What you should do >> Restate word for word every entry that appears below, skipping its pictures.
··· Input data
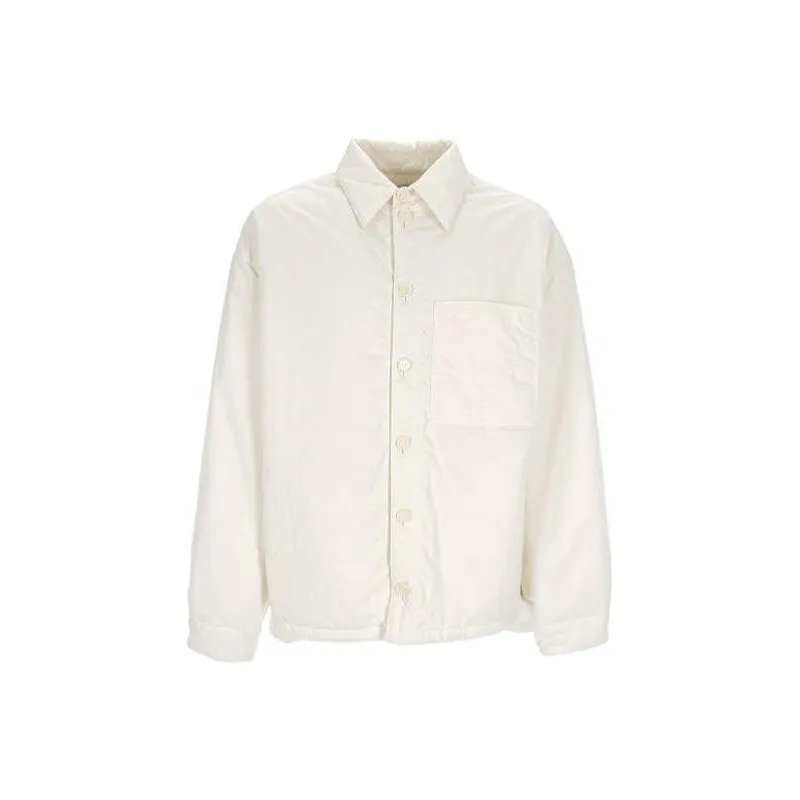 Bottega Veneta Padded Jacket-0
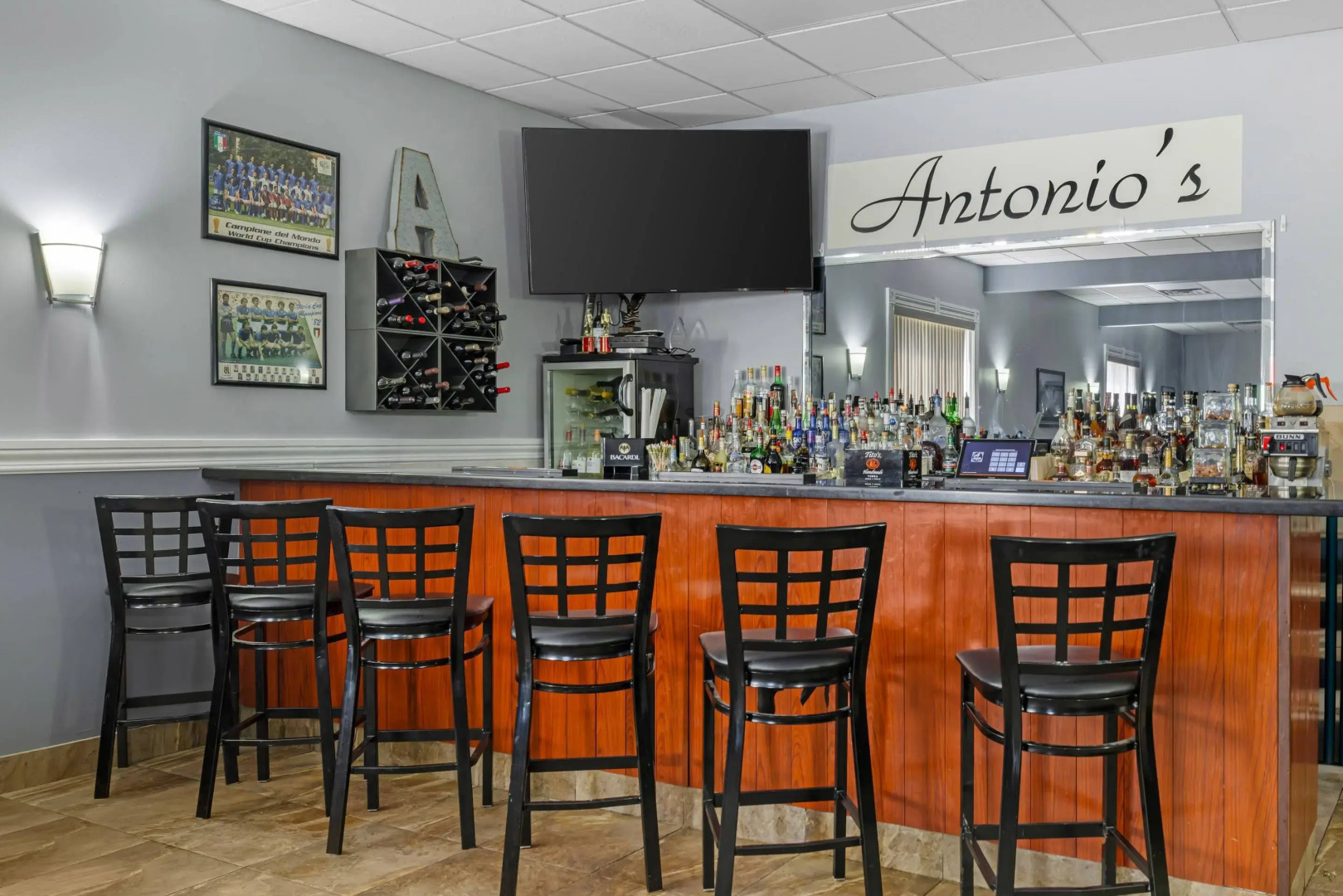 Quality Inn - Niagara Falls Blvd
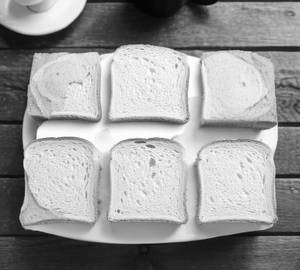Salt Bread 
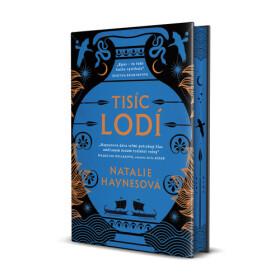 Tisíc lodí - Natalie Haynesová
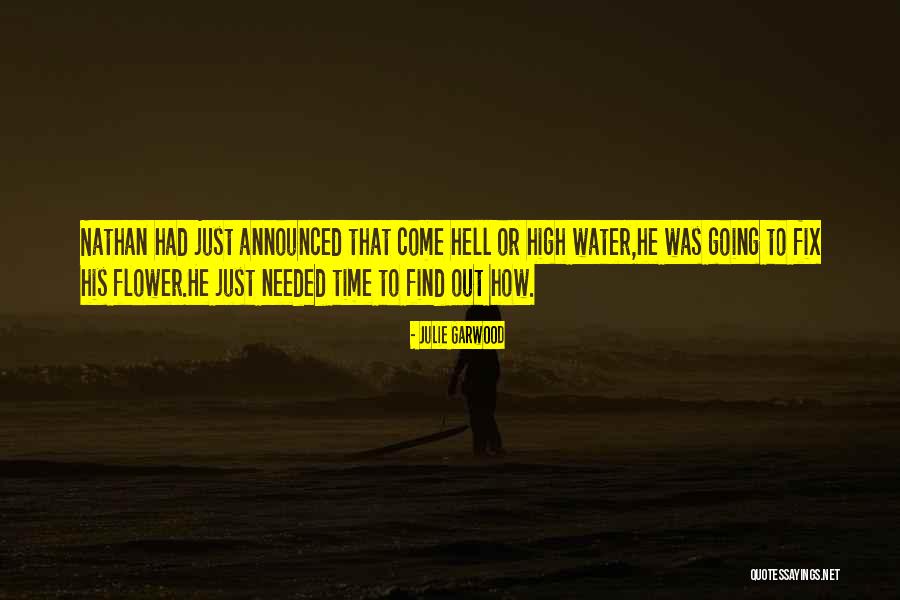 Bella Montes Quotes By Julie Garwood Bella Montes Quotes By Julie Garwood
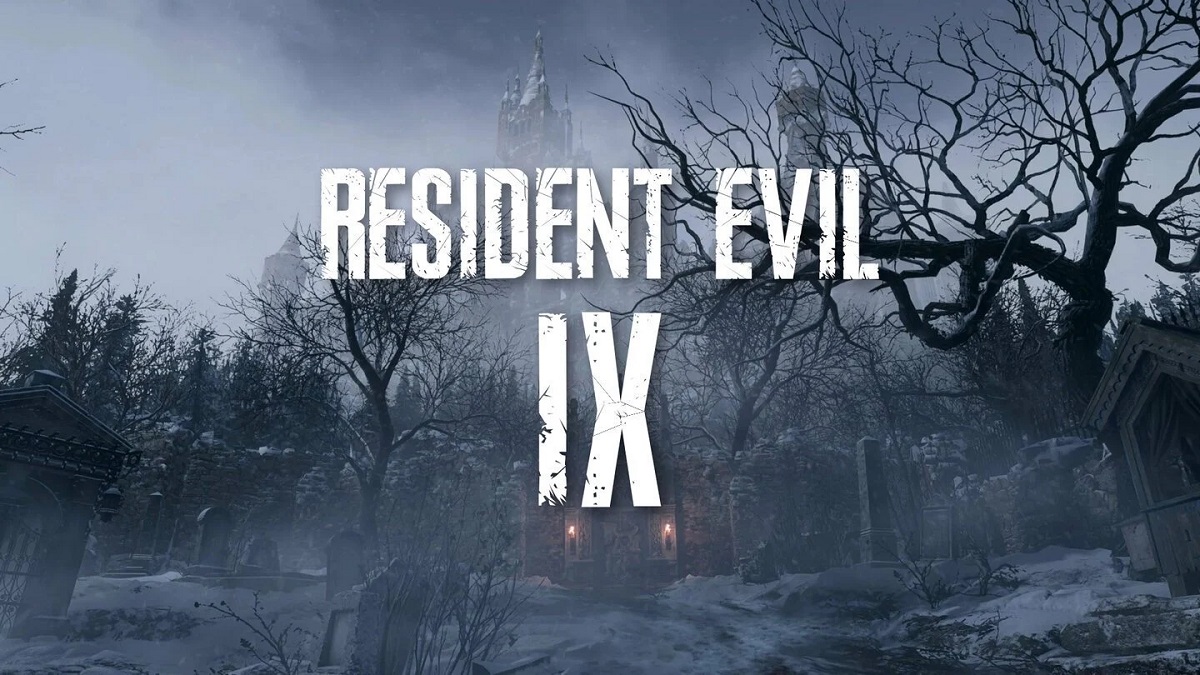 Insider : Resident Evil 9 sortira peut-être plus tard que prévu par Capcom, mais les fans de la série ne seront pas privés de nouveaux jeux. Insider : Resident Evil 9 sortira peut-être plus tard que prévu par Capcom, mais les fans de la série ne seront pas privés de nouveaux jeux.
······
Response to this task >>
 Bottega Veneta Padded Jacket-0
 Quality Inn - Niagara Falls Blvd
Salt Bread 
 Tisíc lodí - Natalie Haynesová
 Bella Montes Quotes By Julie Garwood Bella Montes Quotes By Julie Garwood
 Insider : Resident Evil 9 sortira peut-être plus tard que prévu par Capcom, mais les fans de la série ne seront pas privés de nouveaux jeux. Insider : Resident Evil 9 sortira peut-être plus tard que prévu par Capcom, mais les fans de la série ne seront pas privés de nouveaux jeux.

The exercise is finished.